The algorithm for selecting the variables that are useful for clustering can be run with the following code:

R> (out <- clustvarsel(X, G = 1:5))
------------------------------------------------------
Variable selection for Gaussian model-based clustering
Stepwise (forward/backward) greedy search
------------------------------------------------------
Variable proposed Type of step BICclust Model G BICdiff Decision
CW Add -1408.710 E 2 -6.21775 Accepted
RW Add -1908.964 EEV 2 127.38583 Accepted
FL Add -2357.252 EEV 4 81.24626 Accepted
FL Remove -1908.964 EEV 2 81.24626 Rejected
BD Add -2609.777 EEV 4 56.08094 Accepted
BD Remove -2357.252 EEV 4 56.08094 Rejected
CL Add -2842.298 EEV 4 -31.07119 Rejected
BD Remove -2357.252 EEV 4 56.08094 Rejected
Selected subset: CW, RW, FL, BD

By default, a greedy forward/backward search is used.
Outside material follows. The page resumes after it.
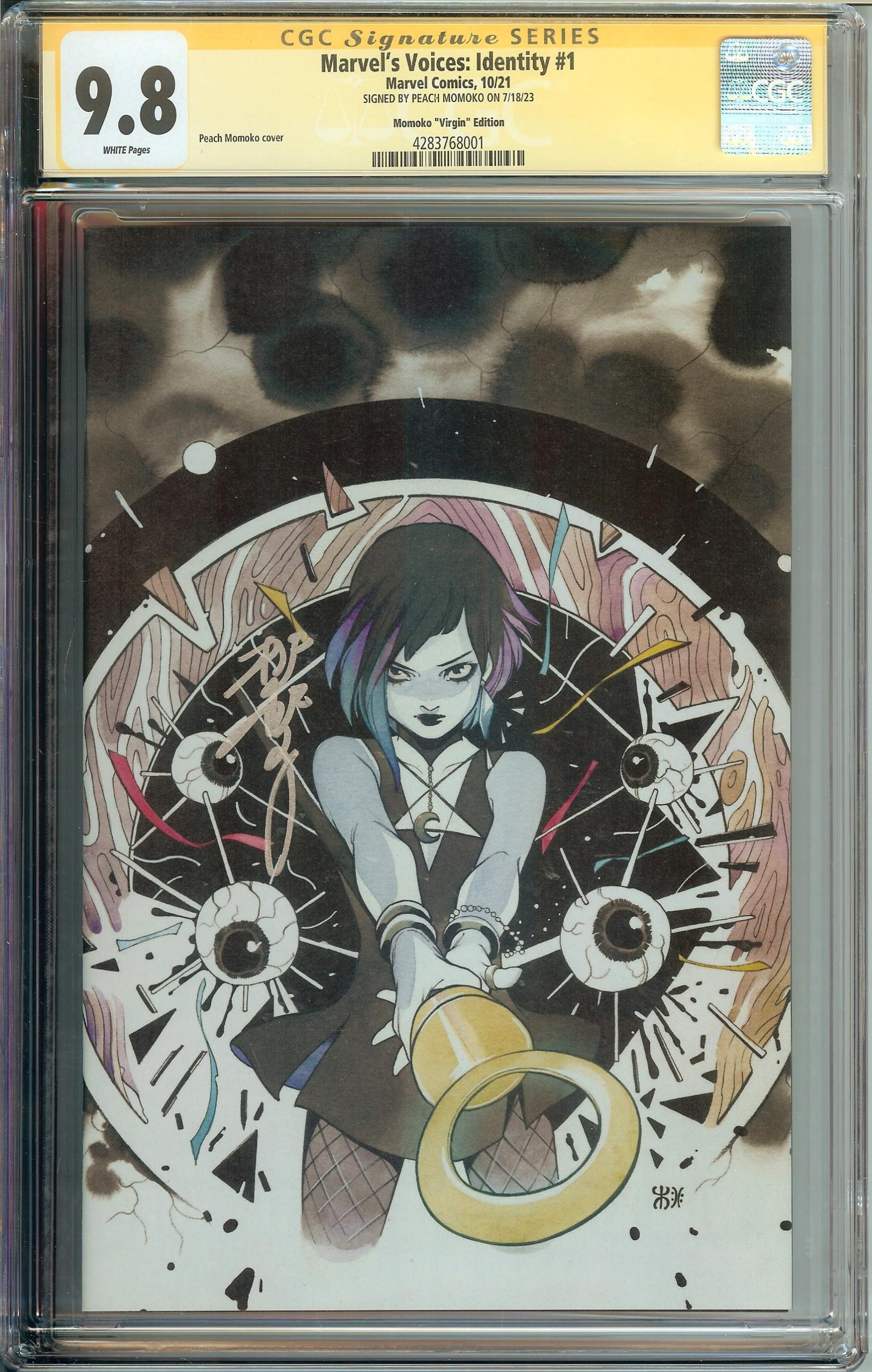 Marvel's Voices Identity #1 SS CGC 9.8 Signed Peach Momoko Virgin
The printed output shows the trace of the algorithm: at each step the most important variable is considered ( Variable proposed) for addition or deletion ( Type of step) from the set of active clustering variables. The column BICclust contains the BIC values for the “best” clustering model (i.e., the first term in the right hand side of Equation 1), followed by the corresponding model abbreviation ( Model) and number of mixture components ( G). The last two columns report, respectively, the criterion in Equation 1 ( BICdiff) and the final decision ( Decision), which can be either to accept or reject the proposal.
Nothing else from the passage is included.